If you can’t fathom just letting your parents continue without help, then you can always become their guardian. This would give you the right to make decisions on behalf of your elderly parents such as financial or medical ones.
You can’t just decide to become your elderly parents’ guardian and that’s it. You have to go through the legal steps.
To even be eligible for guardianship, you must prove that your senior parent is incapacitated. This isn’t a matter of opinion, either. If you don’t have a letter from a physician proving as much, then you can’t become your elderly parents’ guardian.
You must also prove that you’re fit for the role of guardian, so you will be put under the microscope as well, so to speak.
Different states have different rules for obtaining guardianship. Since the rules are not the same across the country, you’d have to read up on the rules in your state (or hire an elder law attorney) and then go from there.
The process typically begins once you apply for guardianship. There would then be a court investigation as well as a hearing.
The entire process can take months, so it’s anything but a quick fix. Plus, once you take on the role of guardian, you must be prepared to fulfill the role for the sake of your elderly parents.
It’s a viable option if your elderly parents are in serious trouble and refuse help, but you must be aware of what you’re getting into before you pursue guardianship.
Can An Elderly Parent Be Forced Into Care?
Okay, so maybe instead of applying for guardianship, you think you’ll just force your elderly parents into assisted living or a nursing home.

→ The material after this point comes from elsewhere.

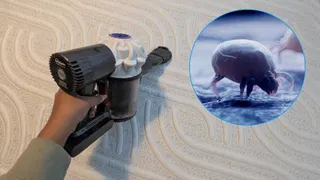  Beat the seasonal dust mite surge — use this 2-inch mattress cleaning trick to remove their food fast 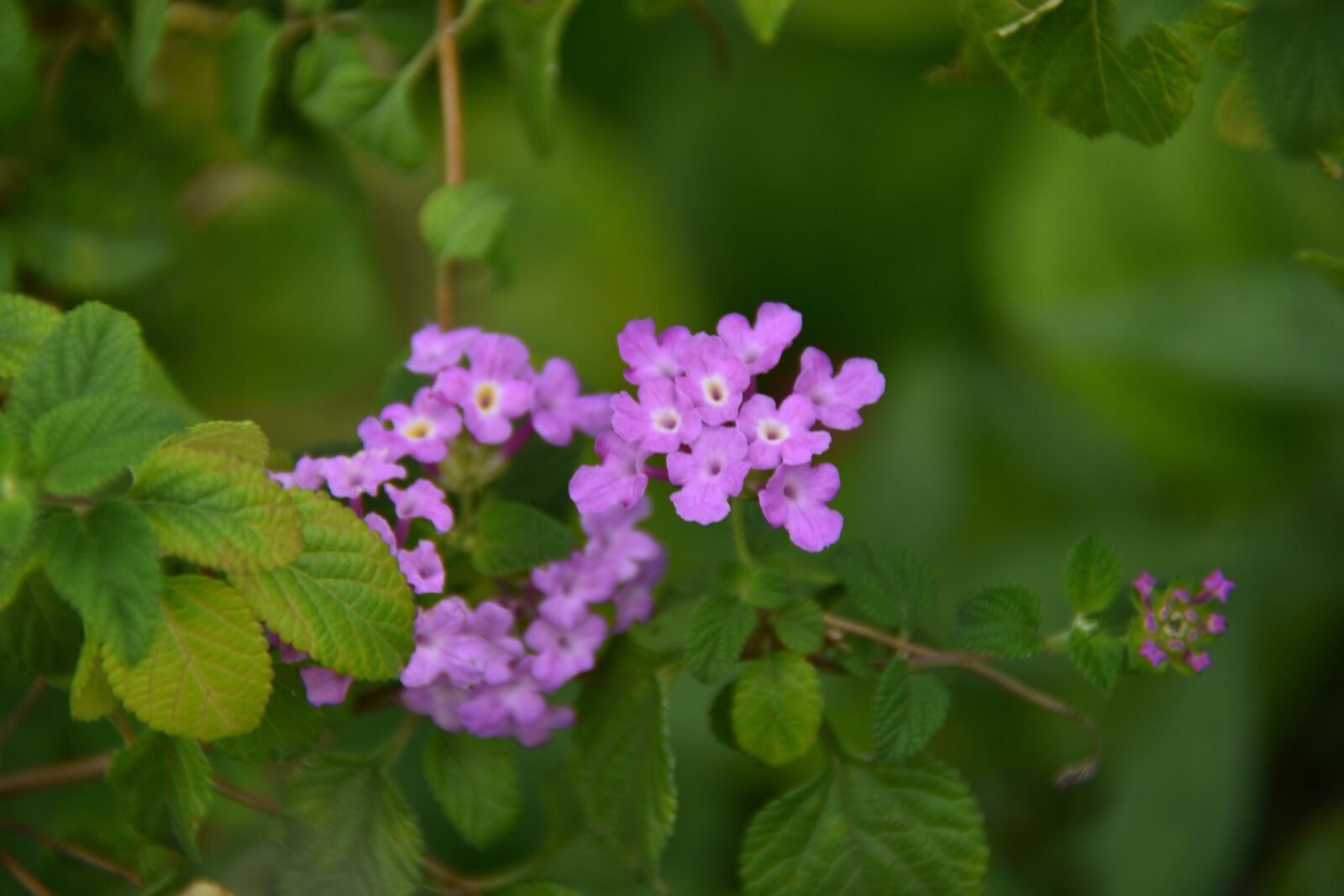 Nikon D7200 sample photo. Flower, the leaves, spike photography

This way, they get the care they need and you don’t have to involve the courts.
It’s a good thought, but it won’t work.
You must be a senior’s guardian or be capable of proving the physical difficulties and/or cognitive decline of your elderly parent in order to force their hand and get them enrolled in a nursing home.
Even if one or both of your senior parents have dementia or Alzheimer’s, the choices they make are their own, provided they’re legally capable of doing so. That’s according to the Alzheimer’s Association.
Wrapping Things Up
Getting an aging parent to accept help can be a difficult process. When they refuse the help they so desperately need, you can find yourself feeling frustrated and stuck. You can’t make your parents do anything unless you become their guardian, and that’s a huge responsibility to undertake.
In the long run, you really only have two options outside of legal guardianship. They are either having a family meeting (or several) to discuss your parent’s safety and their physical health, or accepting their decision.
I hope the information in this guide helps you navigate through this troublesome time!